The introduction of the Processor notion
We have learned about the primary three interfaces that constitute the Reactive Streams specification. We have also seen how a proposed mechanism may improve the news service that sends news digests via email. However, at the beginning of this section, it was mentioned that there are four core interfaces in the specification. The last one is a combination of Publisher and Subscriber and is called the Processor. Let's take a look at the following implementation's code:
package org.reactivestreams;
public interface Processor<T, R> extends Subscriber<T>,
Publisher<R> {
}
In contrast to the Publisher and Subscriber, which are start and end points by definition, Processor is designed to add some processing stages between the Publisher and Subscriber. Since the Processor may represent some transformation logic, this makes streaming pipeline behaviors and business logic flows easier to understand. The shining example of the Processor's usage may be any business logic that may be described in a custom operator or it may be to provide additional caching of streaming data, and so on. To get a better understanding of the conceptual application of the Processor, let's consider how the NewsServicePublisher may be improved with the Processor interface.
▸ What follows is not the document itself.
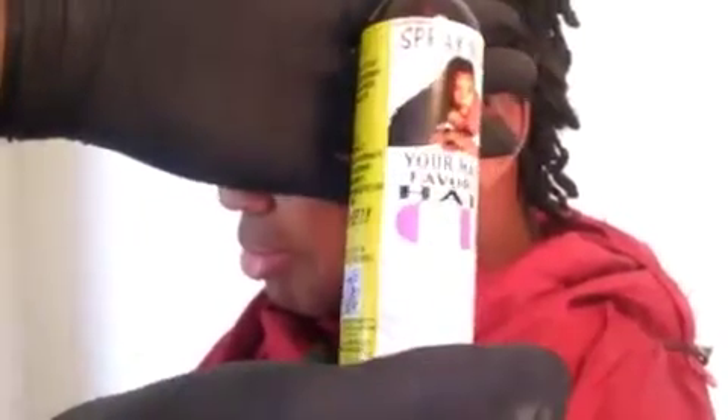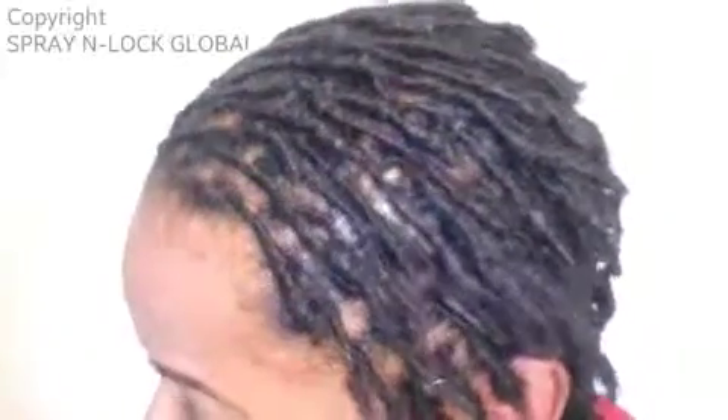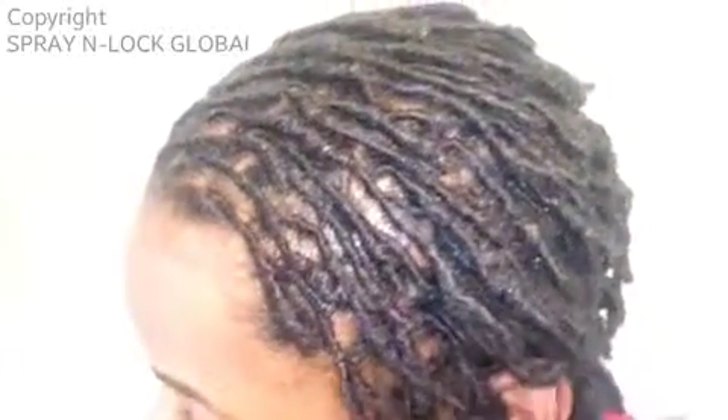Once you've twisted every lock, follow up with Spray & Shine, your hair's favorite hair oil. This technique aids in lock size consistency and ensures that locks stay tightly twisted from base to end.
The most uncomplicated logic that may be hidden behind the NewsServicePublisher is database access with newsletter preparation and subsequent multi-casting to all subscribers:
In this example, the NewsServicePublisher is split into four additional components:
- This is the DBPublisher stage. Here, Publisher is responsible for providing access to the database and returning the newest posts.
- This is the NewsPreparationOperator stage. This stage is an intermediate transformation that is responsible for aggregating all messages and then, when the completion signal is emitted from the main source, combining all news into the digest. Note that this operator always results in one element because of the aggregation nature. Aggregation assumes the presence of storage, which might be either in a queue or any other collection for storing received elements.
- This is the ScheduledPublisher stage. This stage is responsible for scheduling periodic tasks. In the previously mentioned case, a scheduled task is querying a database (DBPublisher), processing the result and merging received data to the downstream. Note that ScheduledPublisher is effectively an infinite stream and the completion of the merged Publisher is ignored. In the case of a lack of requests from the downstream, this Publisher throws an exception to the actual Subscriber through the Subscriber#onError method.
- This is the SmartMulticastProcessor stage. This Processor plays a vital role in the flow. First of all, it caches the latest digest. In turn, that stage supports multi-casting, which means that there is no need to create the same flow for each Subscriber separately. Also, SmartMulticastProcessor includes, as mentioned earlier, a smart mailing tracking mechanism, and only sends newsletters for those who have read the previous digest.
- These are the actual subscribers, which are effectively NewsServiceSubscriber.
In general, the preceding diagram shows what might be hidden behind the plain NewsServicePublisher. In turn, that example exposes the real application of the Processor. As might be noticed, we have three transformation stages, but only one of those is required to be the Processor.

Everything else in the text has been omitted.